Padahal ia bisa mengangkat keranjang itu seorang diri. Yah... walaupun memang keranjang itu cukup berat, tapi ia masih mampu mengangkat nya.
Jun menggeleng. "Tidak honey, biar aku saja," ucap Jun bersikeras. Mana mungkin ia akan membiarkan kekasihnya mengangkat keranjang seberat itu.
Hana pun menyerah. Mereka berdua berjalan keluar dari dalam perkebunan dengan Hana yang berjalan mengikuti Jun dari belakang.
...
Terlihat Woosik dan Sujin yang telah berada di samping mobil pick up berwarna hitam. Benar, tepatnya mobil milik Jun.

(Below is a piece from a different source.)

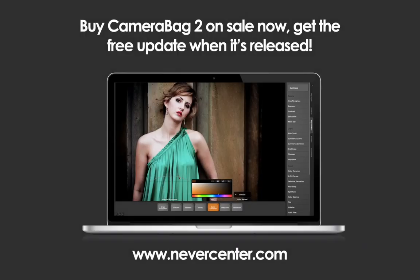The CameraBag 2.5 update is coming out very soon. If you don't have it already, buy CameraBag 2 now at our special pre-update sale price, and you'll get the upgrade to version 2.5 for free. Visit us at NeverCenter.com to learn more.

"Jun hyung!" ucap Woosik saat melihat pasangan kekasih itu yang sedari tadi telah mereka tunggu.
Jun meletakkan keranjang yang ia bawa itu ke atas mobil pick up, bersama keranjang-keranjang lain nya yang mana hasil panen Woosik dan Sujin.
Hanya sisa mereka berempat saja yang berada di perkebunan itu. Karena farmer yang lain nya telah pulang.
Jangan heran, di perkebunan ini memang Jun tidak memberikan patokan jam berapa mereka di perbolehkan untuk pulang. Yang terpenting semua pekerjaan mereka telah mereka selesaikan.
Jun pemilik perkebunan yang sangat baik bukan? Aku tahu!
"Apakah sudah semuanya?" tanya Jun.
Woosik mengangguk. "Iya hyung. Tidak ada lagi keranjang yang tersisa," jawab Woosik.
"Baiklah, kalau begitu kita bawa apel-apel ini ke rumah produksi," ucap Jun.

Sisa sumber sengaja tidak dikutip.